(ACTION ITEM) Which lines come from the start of the records through the line that holds "We have a new"? Write them out word for word.

[Collected data]
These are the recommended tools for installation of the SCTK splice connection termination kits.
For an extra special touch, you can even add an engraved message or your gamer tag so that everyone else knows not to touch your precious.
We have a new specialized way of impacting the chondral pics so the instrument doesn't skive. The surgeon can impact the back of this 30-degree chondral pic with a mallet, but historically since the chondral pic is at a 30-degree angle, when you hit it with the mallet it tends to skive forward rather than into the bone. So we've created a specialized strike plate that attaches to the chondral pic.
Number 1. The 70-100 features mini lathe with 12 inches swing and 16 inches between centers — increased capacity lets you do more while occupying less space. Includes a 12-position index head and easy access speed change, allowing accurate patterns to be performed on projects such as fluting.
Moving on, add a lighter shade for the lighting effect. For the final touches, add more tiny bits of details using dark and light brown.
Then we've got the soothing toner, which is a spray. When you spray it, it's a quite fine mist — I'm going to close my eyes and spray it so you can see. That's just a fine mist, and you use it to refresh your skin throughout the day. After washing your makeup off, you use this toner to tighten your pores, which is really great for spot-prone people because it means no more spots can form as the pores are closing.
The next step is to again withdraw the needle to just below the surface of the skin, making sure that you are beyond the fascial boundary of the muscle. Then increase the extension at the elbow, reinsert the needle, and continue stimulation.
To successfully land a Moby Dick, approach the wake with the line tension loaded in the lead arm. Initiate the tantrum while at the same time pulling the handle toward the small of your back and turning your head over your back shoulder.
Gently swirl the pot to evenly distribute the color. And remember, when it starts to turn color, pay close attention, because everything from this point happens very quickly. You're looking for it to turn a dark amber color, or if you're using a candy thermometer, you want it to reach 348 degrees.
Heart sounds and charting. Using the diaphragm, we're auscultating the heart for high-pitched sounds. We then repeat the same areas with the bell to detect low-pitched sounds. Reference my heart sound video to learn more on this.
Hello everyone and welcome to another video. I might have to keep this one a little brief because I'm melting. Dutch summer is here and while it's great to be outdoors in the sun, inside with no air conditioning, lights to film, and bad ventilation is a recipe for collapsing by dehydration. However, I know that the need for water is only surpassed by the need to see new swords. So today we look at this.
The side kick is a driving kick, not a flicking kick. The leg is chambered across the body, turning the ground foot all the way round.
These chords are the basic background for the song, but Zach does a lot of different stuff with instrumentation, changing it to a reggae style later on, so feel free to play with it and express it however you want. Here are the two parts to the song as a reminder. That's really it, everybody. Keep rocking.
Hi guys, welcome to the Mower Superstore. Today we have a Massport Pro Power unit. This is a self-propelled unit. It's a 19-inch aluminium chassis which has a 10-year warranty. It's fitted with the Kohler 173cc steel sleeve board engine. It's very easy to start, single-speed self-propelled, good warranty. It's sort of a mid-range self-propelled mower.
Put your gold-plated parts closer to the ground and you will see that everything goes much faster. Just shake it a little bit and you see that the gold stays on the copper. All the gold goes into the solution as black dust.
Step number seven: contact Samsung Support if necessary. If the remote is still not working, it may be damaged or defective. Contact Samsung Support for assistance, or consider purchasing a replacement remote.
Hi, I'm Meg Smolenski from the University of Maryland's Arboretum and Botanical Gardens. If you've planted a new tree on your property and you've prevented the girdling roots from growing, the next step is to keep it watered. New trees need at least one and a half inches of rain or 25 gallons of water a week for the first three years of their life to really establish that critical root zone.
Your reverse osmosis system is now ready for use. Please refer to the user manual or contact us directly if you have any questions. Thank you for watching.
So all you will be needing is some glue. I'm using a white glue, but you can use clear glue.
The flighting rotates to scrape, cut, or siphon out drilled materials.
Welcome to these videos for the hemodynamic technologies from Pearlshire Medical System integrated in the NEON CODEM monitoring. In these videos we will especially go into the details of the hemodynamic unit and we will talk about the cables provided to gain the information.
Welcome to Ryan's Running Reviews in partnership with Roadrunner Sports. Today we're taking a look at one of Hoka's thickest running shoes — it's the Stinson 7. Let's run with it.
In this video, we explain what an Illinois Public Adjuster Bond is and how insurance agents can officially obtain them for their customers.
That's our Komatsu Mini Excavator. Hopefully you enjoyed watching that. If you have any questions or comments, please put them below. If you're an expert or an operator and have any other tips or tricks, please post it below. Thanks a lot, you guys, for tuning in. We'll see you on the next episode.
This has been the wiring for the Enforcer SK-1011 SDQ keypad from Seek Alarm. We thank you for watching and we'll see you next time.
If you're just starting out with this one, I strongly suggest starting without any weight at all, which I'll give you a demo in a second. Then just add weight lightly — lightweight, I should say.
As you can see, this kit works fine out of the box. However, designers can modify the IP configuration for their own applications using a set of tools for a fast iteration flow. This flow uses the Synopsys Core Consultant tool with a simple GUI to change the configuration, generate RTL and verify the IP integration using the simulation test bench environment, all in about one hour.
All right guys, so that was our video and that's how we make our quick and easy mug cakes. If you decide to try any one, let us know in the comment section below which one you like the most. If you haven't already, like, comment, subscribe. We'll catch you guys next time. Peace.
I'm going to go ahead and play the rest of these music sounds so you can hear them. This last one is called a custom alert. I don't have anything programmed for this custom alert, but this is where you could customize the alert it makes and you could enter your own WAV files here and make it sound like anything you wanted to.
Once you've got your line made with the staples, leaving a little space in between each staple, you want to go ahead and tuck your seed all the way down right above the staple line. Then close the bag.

(RESPONSE TO THE TASK)
These are the recommended tools for installation of the SCTK splice connection termination kits.
For an extra special touch, you can even add an engraved message or your gamer tag so that everyone else knows not to touch your precious.
We have a new specialized way of impacting the chondral pics so the instrument doesn't skive. The surgeon can impact the back of this 30-degree chondral pic with a mallet, but historically since the chondral pic is at a 30-degree angle, when you hit it with the mallet it tends to skive forward rather than into the bone. So we've created a specialized strike plate that attaches to the chondral pic.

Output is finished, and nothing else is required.